-------- DATA PROVIDED

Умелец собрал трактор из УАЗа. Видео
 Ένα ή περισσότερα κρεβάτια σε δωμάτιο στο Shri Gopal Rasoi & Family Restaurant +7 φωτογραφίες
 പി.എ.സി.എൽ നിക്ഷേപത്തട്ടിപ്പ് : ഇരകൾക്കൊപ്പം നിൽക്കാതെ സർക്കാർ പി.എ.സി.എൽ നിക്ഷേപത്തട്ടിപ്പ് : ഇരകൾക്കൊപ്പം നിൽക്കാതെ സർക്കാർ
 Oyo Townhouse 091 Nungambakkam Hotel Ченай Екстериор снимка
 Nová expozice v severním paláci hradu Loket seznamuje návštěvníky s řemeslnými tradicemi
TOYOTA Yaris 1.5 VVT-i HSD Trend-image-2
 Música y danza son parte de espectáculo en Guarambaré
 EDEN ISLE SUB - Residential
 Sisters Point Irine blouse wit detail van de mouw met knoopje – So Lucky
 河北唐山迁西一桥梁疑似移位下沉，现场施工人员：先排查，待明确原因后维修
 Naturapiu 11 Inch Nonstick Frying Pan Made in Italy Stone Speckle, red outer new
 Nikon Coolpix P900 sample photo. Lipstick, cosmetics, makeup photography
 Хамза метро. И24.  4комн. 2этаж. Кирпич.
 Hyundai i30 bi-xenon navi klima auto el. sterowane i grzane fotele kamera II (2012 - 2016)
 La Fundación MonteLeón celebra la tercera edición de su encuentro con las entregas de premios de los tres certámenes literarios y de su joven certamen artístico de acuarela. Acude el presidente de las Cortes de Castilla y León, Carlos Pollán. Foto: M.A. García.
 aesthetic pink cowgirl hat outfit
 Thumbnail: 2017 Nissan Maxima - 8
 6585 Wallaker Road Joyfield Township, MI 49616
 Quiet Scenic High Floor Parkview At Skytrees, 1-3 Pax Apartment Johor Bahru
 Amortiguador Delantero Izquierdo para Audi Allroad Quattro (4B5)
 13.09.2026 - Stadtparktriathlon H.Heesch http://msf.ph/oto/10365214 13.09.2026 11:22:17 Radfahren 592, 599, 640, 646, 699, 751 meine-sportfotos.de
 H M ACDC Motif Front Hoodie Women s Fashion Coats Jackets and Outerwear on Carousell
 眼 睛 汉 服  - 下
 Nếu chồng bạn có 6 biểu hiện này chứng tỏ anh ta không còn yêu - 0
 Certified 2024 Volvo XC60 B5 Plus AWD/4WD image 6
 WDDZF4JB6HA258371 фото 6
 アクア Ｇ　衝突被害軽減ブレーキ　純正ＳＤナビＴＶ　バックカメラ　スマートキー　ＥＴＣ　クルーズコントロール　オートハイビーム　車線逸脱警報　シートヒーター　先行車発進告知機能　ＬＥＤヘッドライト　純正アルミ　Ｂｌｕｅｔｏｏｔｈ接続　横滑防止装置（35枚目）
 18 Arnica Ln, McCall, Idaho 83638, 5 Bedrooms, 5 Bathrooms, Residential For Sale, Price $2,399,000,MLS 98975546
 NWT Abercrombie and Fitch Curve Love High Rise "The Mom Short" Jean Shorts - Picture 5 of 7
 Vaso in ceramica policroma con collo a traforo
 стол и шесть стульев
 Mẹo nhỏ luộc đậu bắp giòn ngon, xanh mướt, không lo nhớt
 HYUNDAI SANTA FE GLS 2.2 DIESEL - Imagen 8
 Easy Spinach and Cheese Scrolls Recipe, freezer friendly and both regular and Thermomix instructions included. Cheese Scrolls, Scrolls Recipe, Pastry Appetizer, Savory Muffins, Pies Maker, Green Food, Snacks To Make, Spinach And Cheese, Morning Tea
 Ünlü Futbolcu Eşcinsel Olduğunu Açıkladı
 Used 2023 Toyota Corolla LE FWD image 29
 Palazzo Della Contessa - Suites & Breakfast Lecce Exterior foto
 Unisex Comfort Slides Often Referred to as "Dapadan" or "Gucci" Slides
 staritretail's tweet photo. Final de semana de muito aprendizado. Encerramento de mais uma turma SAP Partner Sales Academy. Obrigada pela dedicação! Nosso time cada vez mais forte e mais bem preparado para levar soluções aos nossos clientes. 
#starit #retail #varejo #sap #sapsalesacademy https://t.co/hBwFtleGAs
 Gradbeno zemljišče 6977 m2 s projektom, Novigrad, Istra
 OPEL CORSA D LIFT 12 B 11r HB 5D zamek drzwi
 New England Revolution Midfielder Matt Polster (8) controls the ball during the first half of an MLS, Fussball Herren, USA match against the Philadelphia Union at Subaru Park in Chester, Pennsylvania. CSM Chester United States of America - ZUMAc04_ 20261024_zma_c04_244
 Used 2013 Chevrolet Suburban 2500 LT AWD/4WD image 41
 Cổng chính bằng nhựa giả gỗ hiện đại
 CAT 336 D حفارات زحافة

----------------

# WORK REQUEST:
All lines carrying the word "Residential" must be copied from the data above.

# EXERCISE OUTPUT:
 EDEN ISLE SUB - Residential
 18 Arnica Ln, McCall, Idaho 83638, 5 Bedrooms, 5 Bathrooms, Residential For Sale, Price $2,399,000,MLS 98975546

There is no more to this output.